▶ _YOUR GOAL_: Retype the records below word for word and omit any image.

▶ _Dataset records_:
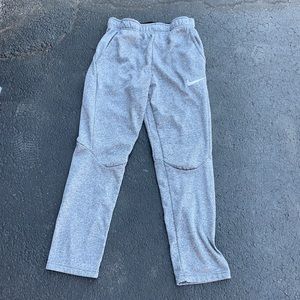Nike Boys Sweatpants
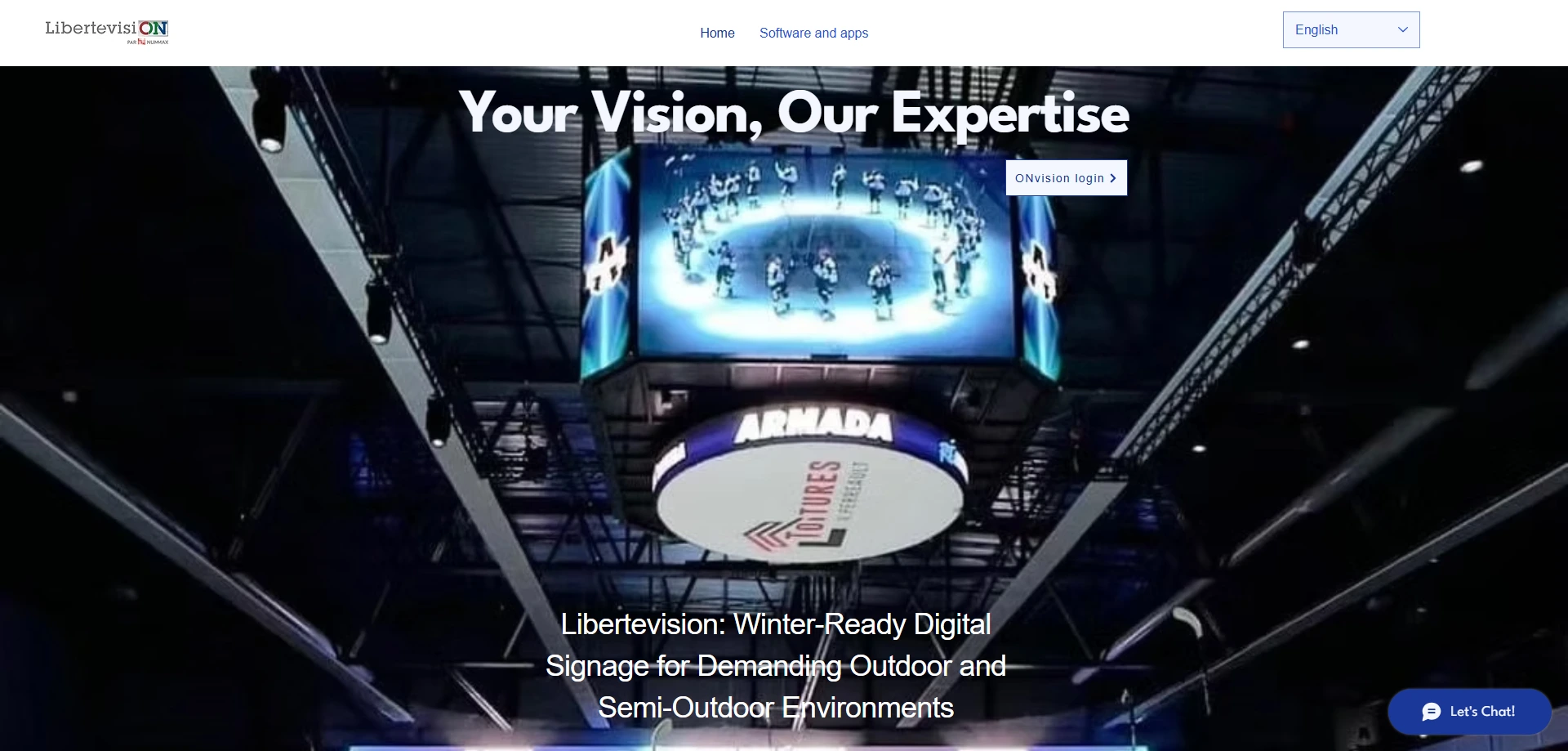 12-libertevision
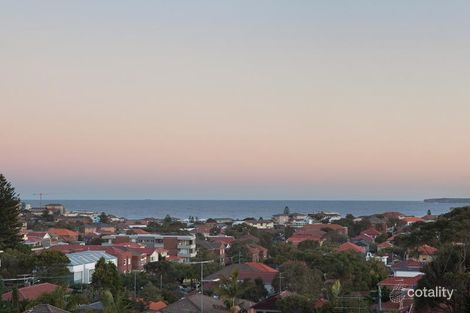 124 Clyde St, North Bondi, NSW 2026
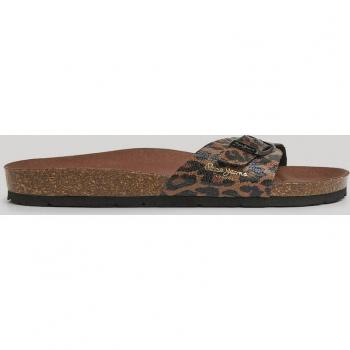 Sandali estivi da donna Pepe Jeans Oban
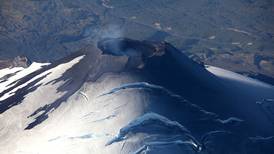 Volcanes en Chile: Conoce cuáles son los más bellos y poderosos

▶ _ANSWER SECTION_:
Nike Boys Sweatpants
 12-libertevision
 124 Clyde St, North Bondi, NSW 2026
 Sandali estivi da donna Pepe Jeans Oban
 Volcanes en Chile: Conoce cuáles son los más bellos y poderosos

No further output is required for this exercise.